Selon l'avocat nommé d'office par le Pentagone pour représenter Khadr, Sam Morison, le Torontois a droit à un tribunal composé de membres aptes à siéger, sans quoi la décision d'un tel tribunal pourrait être contestable.

Le juge Pollard, un associé dans un cabinet d'avocats de Wall Street, est l'un des deux civils nommés par la commission militaire pour présider l'appel du jugement de première instance. Me Pollard refuse de se récuser, et il a référé toute question au service des relations publiques de l'armée, qui n'a pas voulu commenter.

Mais dans des documents judiciaires, Me Pollard plaide qu'il agit dans cette affaire à titre de «fonctionnaire spécial» du département de la Défense, et qu'il peut ainsi être juge tout en demeurant avocat au privé.

Omar Khadr a plaidé coupable en octobre 2010, devant une commission militaire à Guantanamo Bay, aux cinq crimes de guerre dont il était accusé d'avoir commis en Afghanistan en juillet 2002, alors qu'il était âgé de 15 ans. Le Torontois a alors été condamné à huit années de prison supplémentaires, et a été transféré ensuite dans une prison canadienne, en Alberta. Il soutient depuis qu'il a plaidé coupable pour pouvoir être transféré au Canada.

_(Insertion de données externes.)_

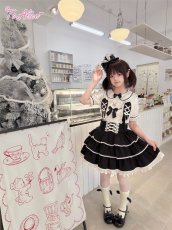 画像7: 【送料無料】S3575 うさ耳×リボンカクテルハット《予約受付》【計5000円以上】 (7)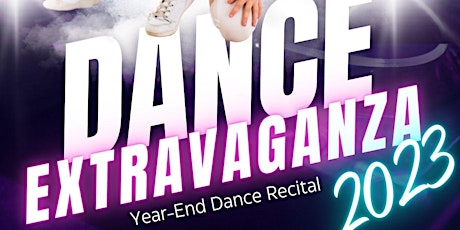Dance Extravaganza 2023 - Elite Dance Centre Year-End Recital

Khadr, aujourd'hui âgé de 28 ans, a fait appel l'an dernier de sa condamnation; ses avocats plaident notamment que les gestes qui lui sont reprochés ne constituent pas des crimes de guerre au sens des lois américaines ou du droit international. La procédure d'appel est actuellement en suspens, le tribunal disant vouloir attendre l'issue d'un autre procès avant d'entendre la cause.